1 Introduction

This is an R Markdown document crafted mainly for the analyses of Perna canaliculus population genetics. This documentation also includes useful guidelines from setting up your Ubuntu environment, installing Stacks pipeline on your local computer, running trial scripts, and sample shell scripting for running onto your hpc servers.

1.1 Setting up your Ubuntu

This part will help you set up your Windows Subsystem for Linux (Ubuntu) in your Windows 10 or higher computer. Set up you working environment by installing and updating packages.

  1. Download Ubuntu application in the Microsoft Store
  2. Set up your username and password (invisible)
  3. After setting up, install Windows Terminal application in your computer.This application allows you to have multiple windows of Ubuntu terminal.
  4. Open your Ubuntu in your Windows Terminal and check your present working directory (run command pwd).
  5. You will notice that your present working directory looks something like /mnt/c/Users/mendiomi

1.1.1 Set up your environment

  1. Run these commands:

    sudo apt-get update -y

    sudo apt install build-essential

  2. Basically install all the updates and essential packages in your Ubuntu.

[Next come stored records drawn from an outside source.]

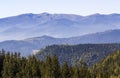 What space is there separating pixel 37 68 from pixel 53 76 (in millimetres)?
9119

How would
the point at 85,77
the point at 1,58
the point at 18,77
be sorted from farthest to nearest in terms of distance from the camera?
the point at 1,58 < the point at 85,77 < the point at 18,77

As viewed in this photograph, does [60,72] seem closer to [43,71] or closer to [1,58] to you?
[43,71]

YES to all installation questions.

  3. Install some of the essential packages for Stacks-2.60.

    Install gpp: sudo apt-get install -y gpp

    Install Zlib compression sudo apt-get install zlib1g-dev

    Now, your Ubuntu is ready.

1.2 Installing Stacks-2.60 on your local computer

Follow these easy steps to install Stacks-2.60 on your local computer. This will help you run simple commands using the program and run trial executions for your data processing.

  1. Download the the tar.gz file from the Stacks website

  2. Move tar.gz file on your installation directory.

  3. Go to your Ubuntu terminal and go to the directory where you placed your tar.gz

  4. Decompress the file:

    tar xfvz stacks-2.60.tar.gz

  5. Change directory:

    cd stacks-2.60/

  6. Configure

    ./configure --prefix=/mnt/path/to/your/desired/directory

  7. Make install:

    make -j 8

  8. Check executable and other files in your directory:

    ls

  9. You should see all of the files and executable in the directory (highlighted in green)

  10. Try to call one of the executable:

    ustacks

    If if does not work, try including the root directories:

    /mnt/path/to/directory/where/you/installed/stacks-2.60/ustacks

    You should see the program information/manual appearing on your terminal.

1.2.1 Set up your $PATH variable

This part will help you to set up your $PATH or environment so you can call your programs (executable) even you are not in the current directory where you put them.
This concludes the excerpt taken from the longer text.